Canada’s housing market downturn threats affecting not only prices, but the overall economy as well
If extremely low interest rates were the reason for the real estate market overheating, as one famous economist noted in 2020, some may believe that the recent sharp rate increases will cool down the markets. However, we need to focus on more than only home prices.
According to the latest Goldman Sachs Group Inc. report, a housing slowdown is expected in Australia, Canada and New Zealand. Researchers say Canada will face a 13% home prices decrease by the end of 2023, while Australia and New Zealand will report much larger drops of 18% and 21%, respectively.
In addition to it, Canadian banks are also expecting housing price declines to continue in 2023. For instance, Desjardins Group believes the prices will go down by 23% by the end of 2023 compared to a February’s peak. TD Economics predicts a 19% drop.
Such possible declines are not surprising, as the real estate prices have already fallen from their peak numbers in Q1. Nevertheless, let’s not forget that they were up by as much as 27% in 2021 alone.
There are two important lessons we should understand from last year’s price increase. First of all, home prices can never continue annual growth of more than 20% for a long time. This anomalous hike would have changed its direction eventually without the BoC’s help.
Second, even a 23% drop brings the prices to approximately 2020 levels. However, housing prices have been growing for much longer. If most Canadians thought home prices were too high in 2020, a return to that level will hardly improve the affordability.
The deal is that housing affordability may have even worsened since prices began to go down. How so? The affordability depends not only on the prices, but also on a household’s ability to afford the monthly mortgage payments. A sharp increase in interest rates will raise the borrowing costs even more significantly.
But as the real estate has become a more important component of the national economy, a downturn in housing markets can affect the overall economic activity. According to the Goldman Sachs report, because of a “negative outlook for housing prices, and the importance of residential investment, we believe the housing downturn brings stronger downside risks to GDP in New Zealand, Australia and Canada.”

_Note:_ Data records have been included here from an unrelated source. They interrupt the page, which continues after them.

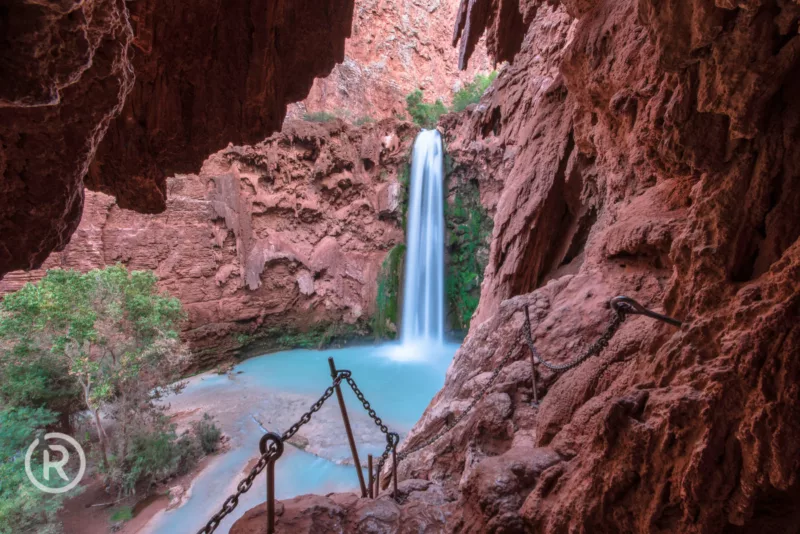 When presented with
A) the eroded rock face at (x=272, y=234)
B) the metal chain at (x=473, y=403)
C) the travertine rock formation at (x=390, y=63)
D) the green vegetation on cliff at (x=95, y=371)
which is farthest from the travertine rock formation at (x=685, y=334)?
the travertine rock formation at (x=390, y=63)

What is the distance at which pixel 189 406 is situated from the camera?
9.29m

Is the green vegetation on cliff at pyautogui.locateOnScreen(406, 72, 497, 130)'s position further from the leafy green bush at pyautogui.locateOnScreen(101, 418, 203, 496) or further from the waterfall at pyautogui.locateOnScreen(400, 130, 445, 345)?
the leafy green bush at pyautogui.locateOnScreen(101, 418, 203, 496)

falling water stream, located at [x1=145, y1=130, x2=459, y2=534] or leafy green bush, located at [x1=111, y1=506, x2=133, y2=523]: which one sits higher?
falling water stream, located at [x1=145, y1=130, x2=459, y2=534]

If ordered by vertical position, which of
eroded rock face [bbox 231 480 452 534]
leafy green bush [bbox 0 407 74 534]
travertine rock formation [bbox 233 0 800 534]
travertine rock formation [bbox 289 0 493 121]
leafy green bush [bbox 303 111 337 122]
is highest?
travertine rock formation [bbox 289 0 493 121]

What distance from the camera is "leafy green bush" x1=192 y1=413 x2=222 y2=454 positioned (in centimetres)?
731

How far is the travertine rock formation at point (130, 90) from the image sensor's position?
1295mm

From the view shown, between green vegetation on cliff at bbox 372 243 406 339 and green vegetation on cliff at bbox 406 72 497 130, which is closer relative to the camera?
green vegetation on cliff at bbox 372 243 406 339

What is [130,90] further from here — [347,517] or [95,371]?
[95,371]

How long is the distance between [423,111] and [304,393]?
15.3 metres

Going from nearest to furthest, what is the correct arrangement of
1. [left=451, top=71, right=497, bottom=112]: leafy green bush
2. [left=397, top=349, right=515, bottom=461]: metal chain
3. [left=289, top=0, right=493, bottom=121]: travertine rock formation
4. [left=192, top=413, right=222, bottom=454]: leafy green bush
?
[left=397, top=349, right=515, bottom=461]: metal chain
[left=192, top=413, right=222, bottom=454]: leafy green bush
[left=451, top=71, right=497, bottom=112]: leafy green bush
[left=289, top=0, right=493, bottom=121]: travertine rock formation

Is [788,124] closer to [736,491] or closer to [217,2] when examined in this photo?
[736,491]

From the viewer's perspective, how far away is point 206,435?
7.41 meters

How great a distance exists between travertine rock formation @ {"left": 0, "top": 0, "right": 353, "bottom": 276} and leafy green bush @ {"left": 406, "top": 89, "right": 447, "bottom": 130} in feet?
49.0

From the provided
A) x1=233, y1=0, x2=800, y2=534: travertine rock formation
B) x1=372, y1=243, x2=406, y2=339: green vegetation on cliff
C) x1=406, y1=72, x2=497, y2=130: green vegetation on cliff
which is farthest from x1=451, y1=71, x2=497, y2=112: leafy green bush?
x1=233, y1=0, x2=800, y2=534: travertine rock formation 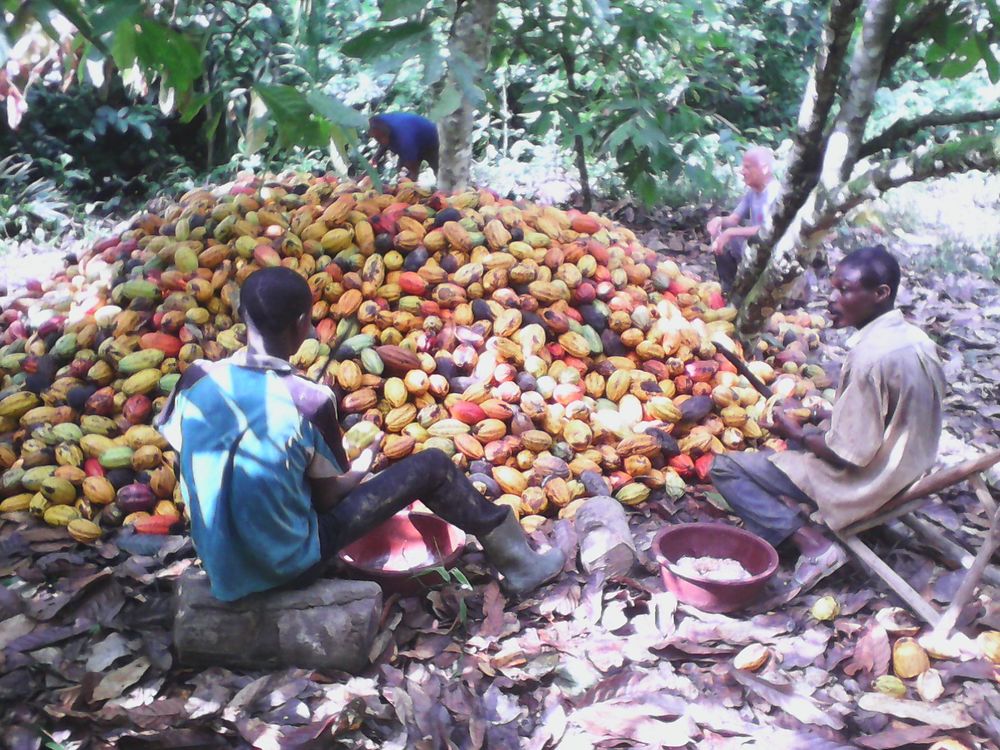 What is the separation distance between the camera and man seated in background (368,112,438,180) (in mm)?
4902

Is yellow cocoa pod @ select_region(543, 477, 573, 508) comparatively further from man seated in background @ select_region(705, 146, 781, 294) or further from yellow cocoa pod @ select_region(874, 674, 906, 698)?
man seated in background @ select_region(705, 146, 781, 294)

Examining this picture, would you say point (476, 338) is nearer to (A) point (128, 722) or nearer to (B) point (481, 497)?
(B) point (481, 497)

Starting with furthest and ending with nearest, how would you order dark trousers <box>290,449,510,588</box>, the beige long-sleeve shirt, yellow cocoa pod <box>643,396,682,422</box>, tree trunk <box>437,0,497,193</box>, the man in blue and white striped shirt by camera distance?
1. tree trunk <box>437,0,497,193</box>
2. yellow cocoa pod <box>643,396,682,422</box>
3. the beige long-sleeve shirt
4. dark trousers <box>290,449,510,588</box>
5. the man in blue and white striped shirt

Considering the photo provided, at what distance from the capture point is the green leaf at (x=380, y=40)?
1.78 metres

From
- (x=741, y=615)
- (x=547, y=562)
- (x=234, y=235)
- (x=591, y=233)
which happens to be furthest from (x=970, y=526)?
(x=234, y=235)

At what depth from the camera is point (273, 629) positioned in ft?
7.00

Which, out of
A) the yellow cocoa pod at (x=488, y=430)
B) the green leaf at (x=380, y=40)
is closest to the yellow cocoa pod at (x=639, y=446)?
the yellow cocoa pod at (x=488, y=430)

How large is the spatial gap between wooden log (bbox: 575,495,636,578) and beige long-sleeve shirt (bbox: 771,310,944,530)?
0.69 metres

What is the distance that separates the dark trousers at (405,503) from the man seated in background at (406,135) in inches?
122

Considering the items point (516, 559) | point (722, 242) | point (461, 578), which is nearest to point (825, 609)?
point (516, 559)

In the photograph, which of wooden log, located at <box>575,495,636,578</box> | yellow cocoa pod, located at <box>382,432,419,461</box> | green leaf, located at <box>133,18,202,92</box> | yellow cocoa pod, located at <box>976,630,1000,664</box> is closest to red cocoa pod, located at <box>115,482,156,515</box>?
yellow cocoa pod, located at <box>382,432,419,461</box>

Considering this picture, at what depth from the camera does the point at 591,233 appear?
3975 millimetres

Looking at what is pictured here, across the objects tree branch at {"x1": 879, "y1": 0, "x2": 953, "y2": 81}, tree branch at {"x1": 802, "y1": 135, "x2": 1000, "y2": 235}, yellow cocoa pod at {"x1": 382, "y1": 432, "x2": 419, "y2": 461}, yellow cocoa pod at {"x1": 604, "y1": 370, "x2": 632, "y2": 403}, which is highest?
tree branch at {"x1": 879, "y1": 0, "x2": 953, "y2": 81}

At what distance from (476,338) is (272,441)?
4.57 feet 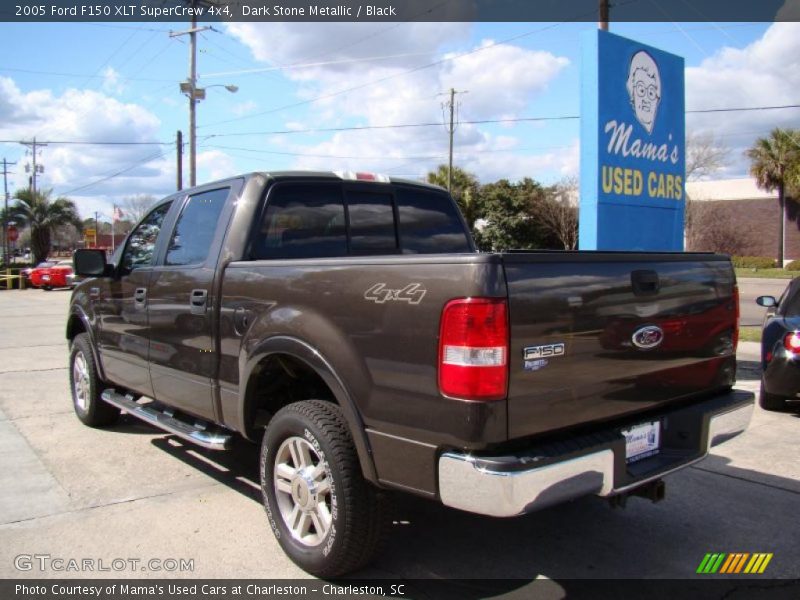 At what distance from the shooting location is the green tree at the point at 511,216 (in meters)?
42.6

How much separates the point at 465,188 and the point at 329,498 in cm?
4224

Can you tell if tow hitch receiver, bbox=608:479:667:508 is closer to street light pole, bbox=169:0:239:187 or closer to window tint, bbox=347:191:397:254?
window tint, bbox=347:191:397:254

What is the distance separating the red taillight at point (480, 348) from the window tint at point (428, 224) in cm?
216

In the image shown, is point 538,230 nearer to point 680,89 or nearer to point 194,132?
point 194,132

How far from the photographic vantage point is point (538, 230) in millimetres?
43375

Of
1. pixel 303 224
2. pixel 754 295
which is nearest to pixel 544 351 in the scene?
pixel 303 224

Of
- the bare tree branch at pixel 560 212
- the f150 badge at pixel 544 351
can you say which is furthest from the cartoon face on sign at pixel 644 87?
the bare tree branch at pixel 560 212

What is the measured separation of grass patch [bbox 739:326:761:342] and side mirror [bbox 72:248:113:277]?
10321 millimetres

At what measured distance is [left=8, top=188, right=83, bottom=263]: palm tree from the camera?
44.5 metres

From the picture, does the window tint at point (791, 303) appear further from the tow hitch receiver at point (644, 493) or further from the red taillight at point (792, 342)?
the tow hitch receiver at point (644, 493)

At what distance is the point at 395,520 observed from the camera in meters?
3.61

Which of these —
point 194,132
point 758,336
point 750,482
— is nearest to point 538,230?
point 194,132

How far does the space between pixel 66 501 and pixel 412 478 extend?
278cm

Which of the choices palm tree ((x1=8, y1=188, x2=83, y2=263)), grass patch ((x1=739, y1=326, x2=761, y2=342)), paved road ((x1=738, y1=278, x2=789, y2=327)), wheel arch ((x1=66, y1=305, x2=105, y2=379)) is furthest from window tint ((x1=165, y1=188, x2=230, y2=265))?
palm tree ((x1=8, y1=188, x2=83, y2=263)) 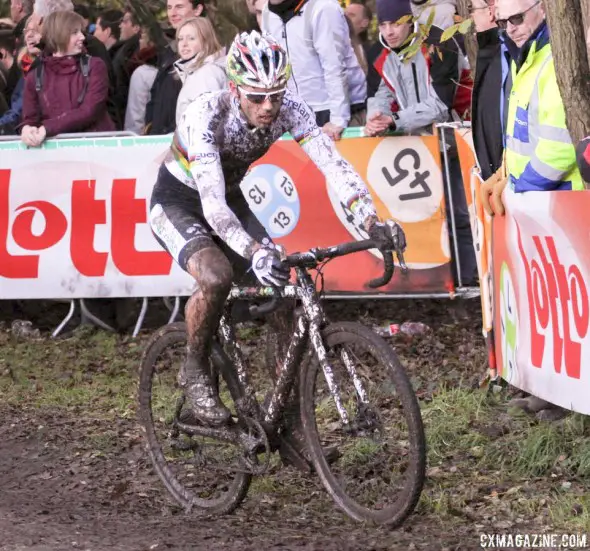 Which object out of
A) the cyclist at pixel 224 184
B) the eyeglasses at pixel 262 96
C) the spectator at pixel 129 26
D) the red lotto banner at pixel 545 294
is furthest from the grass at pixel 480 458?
the spectator at pixel 129 26

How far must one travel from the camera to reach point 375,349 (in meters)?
5.40

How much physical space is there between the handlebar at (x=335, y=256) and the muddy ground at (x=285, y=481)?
3.53 feet

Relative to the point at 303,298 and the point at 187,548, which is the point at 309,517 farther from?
the point at 303,298

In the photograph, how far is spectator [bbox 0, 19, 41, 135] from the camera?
11.9 meters

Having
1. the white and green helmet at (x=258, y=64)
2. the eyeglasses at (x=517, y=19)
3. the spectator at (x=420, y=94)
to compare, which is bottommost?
the spectator at (x=420, y=94)

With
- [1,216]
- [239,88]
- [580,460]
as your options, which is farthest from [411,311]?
[239,88]

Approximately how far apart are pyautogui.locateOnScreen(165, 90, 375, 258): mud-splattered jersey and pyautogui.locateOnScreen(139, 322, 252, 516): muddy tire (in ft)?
2.56

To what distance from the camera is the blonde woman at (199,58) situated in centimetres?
1016

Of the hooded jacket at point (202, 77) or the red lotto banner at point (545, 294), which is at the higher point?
the hooded jacket at point (202, 77)

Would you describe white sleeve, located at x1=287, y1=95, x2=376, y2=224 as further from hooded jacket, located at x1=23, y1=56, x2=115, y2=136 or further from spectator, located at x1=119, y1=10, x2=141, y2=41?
spectator, located at x1=119, y1=10, x2=141, y2=41

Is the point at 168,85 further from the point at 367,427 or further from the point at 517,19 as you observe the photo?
the point at 367,427

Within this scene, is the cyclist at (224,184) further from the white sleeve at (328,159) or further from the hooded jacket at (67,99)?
the hooded jacket at (67,99)

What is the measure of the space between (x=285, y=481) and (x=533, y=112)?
2.34m

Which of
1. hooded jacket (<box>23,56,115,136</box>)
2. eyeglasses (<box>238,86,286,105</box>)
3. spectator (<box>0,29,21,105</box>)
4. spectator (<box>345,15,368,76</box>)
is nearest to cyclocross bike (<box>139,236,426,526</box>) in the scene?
eyeglasses (<box>238,86,286,105</box>) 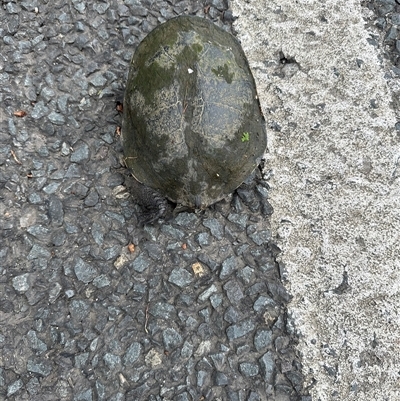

In a 2018 report by economist Taylor Webley, the central bank also expressed concerns about real estate increasing its influence on the economy. The BoC found that the level of resale activity was “supported by fundamentals — full-time employment, housing affordability and migration flow.” Nevertheless, it also noted that deviations from a stable relationship between sales and economic fundamentals supported the home prices increase.
Webley’s paper pointed to the risk to GDP growth coming from fluctuating resale housing markets. Growing interest rates will keep reducing housing sales and prices, and will probably contribute to a slowdown in the entire economy. The main difficulty for central bankers is to find the moment to ease the policy before not only real estate markets, but also the overall economy begins shrinking.